For those of you who don’t know, DRM stands for Digital Rights Management. DRM is a type of software “lock” put onto electronic media so that it cannot be copied. Unless you have a key. Some DRM allows minimal copying, so that you can copy one time, or onto a particular type or brand of hardware.

What this means is that if you buy a DRM-protected song online you cannot copy it to your Zune, or Ipod, or to a CD without the key. No problem, right? You paid for the song, you have the key, you can copy your music. But what happens when the company you bought the music from shuts down? The keys vanish and you lose control of your music. If you bought music from Yahoo! Music store, you already know this. DRM still sucks.

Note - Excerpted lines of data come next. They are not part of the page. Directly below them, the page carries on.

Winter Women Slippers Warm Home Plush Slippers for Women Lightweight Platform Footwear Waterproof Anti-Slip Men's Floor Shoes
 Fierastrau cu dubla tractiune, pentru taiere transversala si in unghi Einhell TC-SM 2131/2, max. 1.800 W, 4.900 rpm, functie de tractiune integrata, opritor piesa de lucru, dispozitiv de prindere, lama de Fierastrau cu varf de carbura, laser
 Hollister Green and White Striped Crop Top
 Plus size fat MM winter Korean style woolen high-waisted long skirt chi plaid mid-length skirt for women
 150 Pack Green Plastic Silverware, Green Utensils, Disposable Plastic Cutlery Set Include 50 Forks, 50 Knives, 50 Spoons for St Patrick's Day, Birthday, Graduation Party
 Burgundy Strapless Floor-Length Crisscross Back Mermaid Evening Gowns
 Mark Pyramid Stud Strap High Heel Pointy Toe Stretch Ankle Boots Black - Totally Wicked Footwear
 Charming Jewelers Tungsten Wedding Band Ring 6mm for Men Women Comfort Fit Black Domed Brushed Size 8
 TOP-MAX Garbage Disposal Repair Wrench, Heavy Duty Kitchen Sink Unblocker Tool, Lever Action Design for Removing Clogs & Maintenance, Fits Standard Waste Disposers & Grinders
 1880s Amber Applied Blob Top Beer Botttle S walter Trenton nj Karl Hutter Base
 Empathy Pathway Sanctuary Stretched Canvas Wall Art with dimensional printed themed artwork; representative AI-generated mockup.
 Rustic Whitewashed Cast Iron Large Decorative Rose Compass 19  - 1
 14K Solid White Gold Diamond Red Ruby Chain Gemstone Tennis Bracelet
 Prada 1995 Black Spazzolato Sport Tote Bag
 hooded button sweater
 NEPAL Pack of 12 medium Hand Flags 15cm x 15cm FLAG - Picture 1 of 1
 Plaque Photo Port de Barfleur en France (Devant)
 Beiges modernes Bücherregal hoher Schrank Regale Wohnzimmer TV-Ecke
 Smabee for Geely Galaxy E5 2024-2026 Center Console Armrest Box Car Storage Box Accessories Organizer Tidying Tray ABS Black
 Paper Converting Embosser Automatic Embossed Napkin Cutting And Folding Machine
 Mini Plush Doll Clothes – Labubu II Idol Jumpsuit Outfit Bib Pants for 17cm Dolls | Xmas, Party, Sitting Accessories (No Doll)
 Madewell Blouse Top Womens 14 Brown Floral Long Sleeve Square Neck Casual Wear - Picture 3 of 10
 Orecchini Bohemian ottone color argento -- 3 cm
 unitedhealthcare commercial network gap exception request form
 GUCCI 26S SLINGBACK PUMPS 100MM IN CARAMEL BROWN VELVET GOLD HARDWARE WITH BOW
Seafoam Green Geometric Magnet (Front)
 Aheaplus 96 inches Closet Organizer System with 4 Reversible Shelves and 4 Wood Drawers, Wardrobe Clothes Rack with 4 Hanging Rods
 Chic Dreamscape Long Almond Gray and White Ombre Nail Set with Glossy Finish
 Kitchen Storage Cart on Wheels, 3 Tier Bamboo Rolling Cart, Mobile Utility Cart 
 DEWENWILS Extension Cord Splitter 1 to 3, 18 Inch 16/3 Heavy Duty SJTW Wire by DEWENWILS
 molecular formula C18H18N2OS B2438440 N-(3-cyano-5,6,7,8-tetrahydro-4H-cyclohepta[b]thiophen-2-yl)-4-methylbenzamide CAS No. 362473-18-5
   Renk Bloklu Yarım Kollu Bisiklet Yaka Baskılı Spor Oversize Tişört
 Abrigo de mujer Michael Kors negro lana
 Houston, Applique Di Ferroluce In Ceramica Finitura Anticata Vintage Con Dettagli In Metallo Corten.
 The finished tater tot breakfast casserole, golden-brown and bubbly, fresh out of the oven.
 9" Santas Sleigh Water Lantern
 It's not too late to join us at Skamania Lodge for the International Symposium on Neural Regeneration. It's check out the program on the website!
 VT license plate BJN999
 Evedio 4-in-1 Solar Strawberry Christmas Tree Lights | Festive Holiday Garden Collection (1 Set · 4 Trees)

“Once the Yahoo store goes down and the key servers go offline, existing tracks cannot be authorized to play on new computers. Instead, Yahoo recommends the old, lame, and lossy workaround of burning the files to CD, then reripping them onto the computer. Sure, you’ll lose a bunch of blank CDs, sound quality, and all the metadata, but that’s a small price to pay for the privilege of being able to listen to that music you lawfully acquired. Good thing you didn’t download it illegally or just buy it on CD!”

This is going to be an even bigger problem with the digital television world that’s just around the corner. You’re going to purchase movies online (purchase, not rent) only to see them evaporate as the business shutters its virtual doors.

What makes this even more ridiculous is that DRM doesn’t work. People who want to pirate material break the DRM codes. The only people DRM hurts is people who want to play by the rules, like all those suckers who bought their music from Yahoo.